Prompt: Going line by line through the records below, write out everything starting with the line containing "Building Photo - 360 Ocean Dr" and going on through the line containing "4 sovrum Lägenhet", exactly and inclusively. Pictures do not go in.

Information shown:
=== Begin Enclosure ===
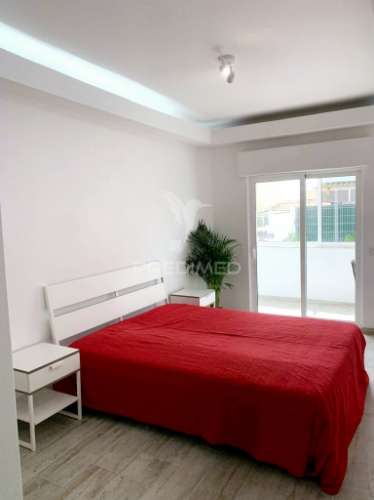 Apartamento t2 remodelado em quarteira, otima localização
=== End Enclosure ===
=== Begin Enclosure ===
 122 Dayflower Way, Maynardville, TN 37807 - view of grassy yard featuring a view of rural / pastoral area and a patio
=== End Enclosure ===
=== Begin Enclosure ===
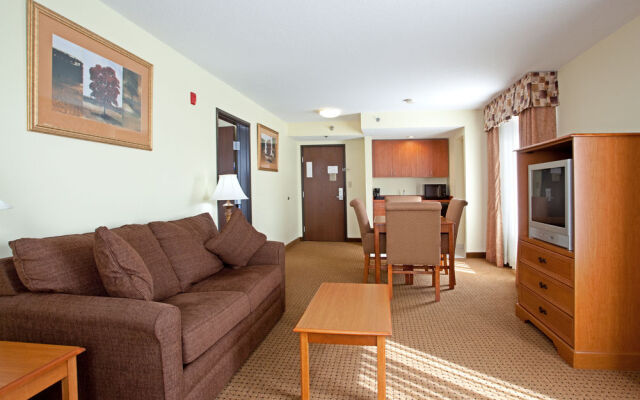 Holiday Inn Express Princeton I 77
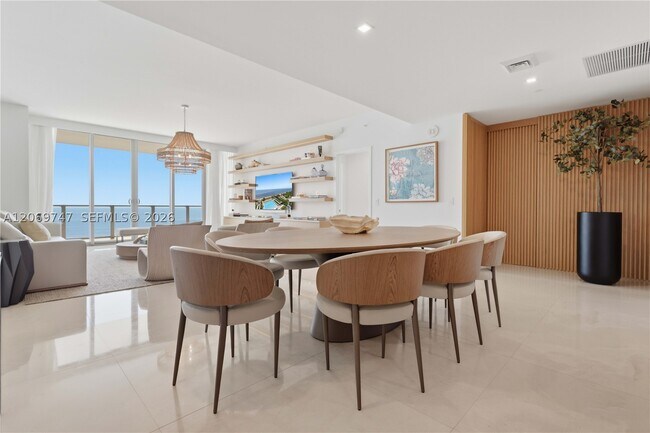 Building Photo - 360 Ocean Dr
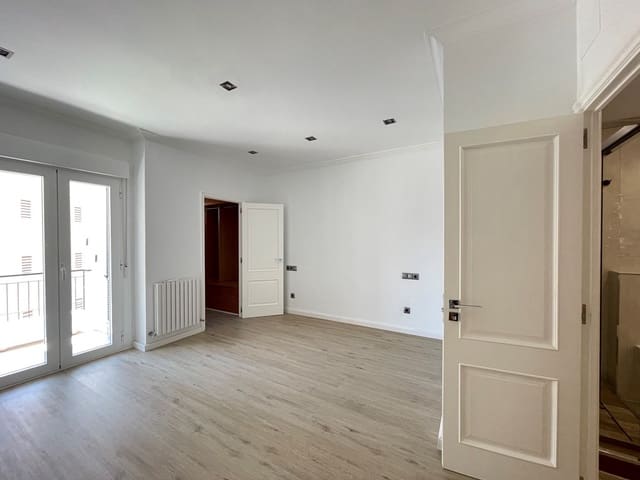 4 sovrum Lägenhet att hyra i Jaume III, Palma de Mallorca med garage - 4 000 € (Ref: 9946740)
=== End Enclosure ===
Exercise output:
 Building Photo - 360 Ocean Dr
 4 sovrum Lägenhet att hyra i Jaume III, Palma de Mallorca med garage - 4 000 € (Ref: 9946740)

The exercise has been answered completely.